* _Work instruction_:
Lines holding the string "Limited" are the ones to copy; find them all in the data.
Top of Information supplied
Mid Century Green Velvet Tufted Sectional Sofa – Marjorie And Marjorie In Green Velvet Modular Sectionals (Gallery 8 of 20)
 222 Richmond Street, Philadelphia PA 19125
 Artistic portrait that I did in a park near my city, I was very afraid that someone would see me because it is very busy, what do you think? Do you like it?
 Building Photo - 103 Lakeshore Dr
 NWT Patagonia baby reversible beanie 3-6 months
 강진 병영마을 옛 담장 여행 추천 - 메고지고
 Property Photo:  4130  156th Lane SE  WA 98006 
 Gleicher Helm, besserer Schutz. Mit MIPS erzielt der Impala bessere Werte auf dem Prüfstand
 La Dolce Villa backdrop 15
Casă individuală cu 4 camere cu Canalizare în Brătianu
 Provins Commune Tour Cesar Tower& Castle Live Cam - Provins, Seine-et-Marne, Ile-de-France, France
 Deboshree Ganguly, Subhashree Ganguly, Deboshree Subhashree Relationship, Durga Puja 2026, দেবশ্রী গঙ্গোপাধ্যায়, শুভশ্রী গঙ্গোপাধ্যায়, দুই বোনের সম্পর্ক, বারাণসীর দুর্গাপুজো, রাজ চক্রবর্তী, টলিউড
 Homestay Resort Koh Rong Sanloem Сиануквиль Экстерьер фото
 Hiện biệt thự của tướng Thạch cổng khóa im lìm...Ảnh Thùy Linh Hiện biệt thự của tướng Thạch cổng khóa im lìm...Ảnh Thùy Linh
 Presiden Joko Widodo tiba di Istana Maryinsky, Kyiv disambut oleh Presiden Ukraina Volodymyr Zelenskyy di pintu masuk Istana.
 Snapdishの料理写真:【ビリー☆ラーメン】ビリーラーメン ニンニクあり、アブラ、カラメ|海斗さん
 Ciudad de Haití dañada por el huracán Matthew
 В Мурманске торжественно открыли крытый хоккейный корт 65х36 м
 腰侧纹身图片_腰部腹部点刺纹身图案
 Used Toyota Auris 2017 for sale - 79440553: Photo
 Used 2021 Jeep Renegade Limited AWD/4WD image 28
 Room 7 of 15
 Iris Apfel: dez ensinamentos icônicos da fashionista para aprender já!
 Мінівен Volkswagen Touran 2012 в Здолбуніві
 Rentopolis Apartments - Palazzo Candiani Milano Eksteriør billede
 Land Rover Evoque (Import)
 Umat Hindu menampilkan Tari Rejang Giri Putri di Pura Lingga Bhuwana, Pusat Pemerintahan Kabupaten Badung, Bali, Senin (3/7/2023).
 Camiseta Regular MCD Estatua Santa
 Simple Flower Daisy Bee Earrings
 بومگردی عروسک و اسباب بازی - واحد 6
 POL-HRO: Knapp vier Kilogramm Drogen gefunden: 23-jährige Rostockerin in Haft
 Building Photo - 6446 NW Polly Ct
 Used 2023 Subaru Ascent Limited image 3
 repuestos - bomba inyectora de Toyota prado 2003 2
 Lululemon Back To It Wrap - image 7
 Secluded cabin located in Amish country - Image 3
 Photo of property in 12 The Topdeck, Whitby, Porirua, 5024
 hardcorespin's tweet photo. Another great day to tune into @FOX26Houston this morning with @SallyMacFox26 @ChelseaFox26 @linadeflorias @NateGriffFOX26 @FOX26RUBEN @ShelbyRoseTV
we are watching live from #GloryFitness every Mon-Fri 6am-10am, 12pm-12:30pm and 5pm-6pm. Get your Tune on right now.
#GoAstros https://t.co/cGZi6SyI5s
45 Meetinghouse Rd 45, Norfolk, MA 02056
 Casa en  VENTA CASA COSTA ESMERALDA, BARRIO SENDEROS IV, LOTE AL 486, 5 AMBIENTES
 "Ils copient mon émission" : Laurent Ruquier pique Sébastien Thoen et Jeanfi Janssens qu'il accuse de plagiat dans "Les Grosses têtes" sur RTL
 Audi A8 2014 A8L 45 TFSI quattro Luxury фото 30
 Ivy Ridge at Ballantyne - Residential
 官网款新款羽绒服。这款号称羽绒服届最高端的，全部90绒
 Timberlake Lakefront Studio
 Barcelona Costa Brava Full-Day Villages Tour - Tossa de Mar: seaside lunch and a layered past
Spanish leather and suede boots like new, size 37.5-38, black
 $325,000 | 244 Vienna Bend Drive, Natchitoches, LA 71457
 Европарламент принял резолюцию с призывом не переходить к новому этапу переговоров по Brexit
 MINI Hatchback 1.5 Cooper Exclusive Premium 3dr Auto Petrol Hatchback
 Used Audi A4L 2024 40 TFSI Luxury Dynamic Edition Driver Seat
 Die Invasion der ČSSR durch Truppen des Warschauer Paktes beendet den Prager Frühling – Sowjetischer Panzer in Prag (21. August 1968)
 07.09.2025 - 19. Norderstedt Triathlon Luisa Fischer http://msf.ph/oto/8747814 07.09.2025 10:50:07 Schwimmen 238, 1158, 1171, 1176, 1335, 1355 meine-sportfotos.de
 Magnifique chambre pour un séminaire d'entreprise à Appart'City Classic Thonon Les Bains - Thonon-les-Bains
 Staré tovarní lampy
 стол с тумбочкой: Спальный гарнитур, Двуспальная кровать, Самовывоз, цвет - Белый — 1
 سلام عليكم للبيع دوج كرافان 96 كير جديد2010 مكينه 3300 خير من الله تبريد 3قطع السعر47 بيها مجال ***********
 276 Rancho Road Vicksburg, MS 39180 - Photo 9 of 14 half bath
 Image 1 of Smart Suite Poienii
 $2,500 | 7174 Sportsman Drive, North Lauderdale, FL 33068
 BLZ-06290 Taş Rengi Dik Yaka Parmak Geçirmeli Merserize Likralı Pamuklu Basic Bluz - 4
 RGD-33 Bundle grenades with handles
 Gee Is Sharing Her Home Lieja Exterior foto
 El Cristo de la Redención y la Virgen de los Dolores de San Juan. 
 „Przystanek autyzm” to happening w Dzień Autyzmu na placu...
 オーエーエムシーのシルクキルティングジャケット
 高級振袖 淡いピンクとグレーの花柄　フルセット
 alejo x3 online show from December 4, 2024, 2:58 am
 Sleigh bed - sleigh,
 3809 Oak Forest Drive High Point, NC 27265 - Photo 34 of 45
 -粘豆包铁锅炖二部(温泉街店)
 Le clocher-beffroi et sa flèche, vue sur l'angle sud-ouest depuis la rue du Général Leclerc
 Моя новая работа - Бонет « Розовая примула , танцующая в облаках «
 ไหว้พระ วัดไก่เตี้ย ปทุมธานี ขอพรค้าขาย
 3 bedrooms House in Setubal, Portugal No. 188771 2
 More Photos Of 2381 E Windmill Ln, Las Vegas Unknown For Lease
Bottom of Information supplied
* _Task result_:
 Used 2021 Jeep Renegade Limited AWD/4WD image 28
 Used 2023 Subaru Ascent Limited image 3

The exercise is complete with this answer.